170720近頃、『時計じかけのオレンジ』に出てくる「ルドヴィコ療法」の効果を、身をもって実感しています。ルドヴィコ療法とは、犯罪者の再犯を防ぐために対象者を椅子に縛りつけ、クリップで目を開けたままの状態にして無理矢理バイオレンスな映像を見せ、身体と脳に暴力に対する嫌悪感・拒否反応を刷り込むという架空の治療法。僕はこの1年半ほど、このルドヴィコ療法を受けている状態です。

実は奥さんと子どもがK-POPの某アイドルグループにハマっおりまして、強制的に彼らの曲を聴かされているのです。それらの曲はどれも歌とラップが組み合わされている今どきなスタイルなんですが、独特のクセがあり、 “気持ち悪い”と“病みつき”のギリギリの線を攻めていて、こちらの意思に関わらず脳内の深部に入り込んでくるんです。旅行の時など、クルマという逃げ場のない閉鎖空間で何時間も聴かされるのですから、たまったもんじゃありません。真剣に発狂しそうになりました。
薄れゆく意識の中で僕は、ブルース・リーの「水になれ」という言葉を思い出しました。自分と相反するものに遭遇した時、ガチコンでぶつかったらバラバラに砕けてしまうけれど、水のように受け流せばスルリとかわせるという教えです。抵抗するのではなく、流れに身を任せる。ということで、僕も一緒に歌うことにしました。
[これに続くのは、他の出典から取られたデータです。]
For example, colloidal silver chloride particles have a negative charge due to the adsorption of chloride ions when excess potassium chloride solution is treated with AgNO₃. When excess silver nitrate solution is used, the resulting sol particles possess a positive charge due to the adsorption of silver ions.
独特のクセがある彼らの曲は、1、2回聴いただけでも信号待ちをしている時に口ずさんでしまう威力をもっているのですが、僕なんかシャワーのように浴び続けたせいで、今ではカッコ良く思えてくるほどにステップアップしました。この前、奥さんと子どもに連れられ、大阪の鶴橋でK-POPショップ巡りをした時なんかウキウキし、せっかくなのでグッズも買っとこうかなと思ったくらいです。おそらく日本のオッサンの中では、K-POPに詳しい方に分類されると思います。
まだまだファンと名乗るのはおこがましい身分ですが、そんな僕がみてもK-POPのクオリティは唸らせるものがありますし、単純にカッコいいという感情が湧いてくる。バラエティ番組で軽妙なフリートークをかまし、情報番組のMCやコメンテーターをしている日本のアイドルをみると、「アイドル」ってどういう人のことをいうんだったっけ?という疑問がわいてきます。一度原点を見直してもよい時期なのかもしれません。

この春、子どもがライヴデビユーを果たしました。もちろん、ファンのK-POPアイドルのライヴです。秋にも奥さんと一緒に行くそうです。羨ましい……。さすがに「お父さんとエイフェックス・ツインのライヴに行こう」とは言えないので、僕もK-POPアイドルのライヴに行こうかな。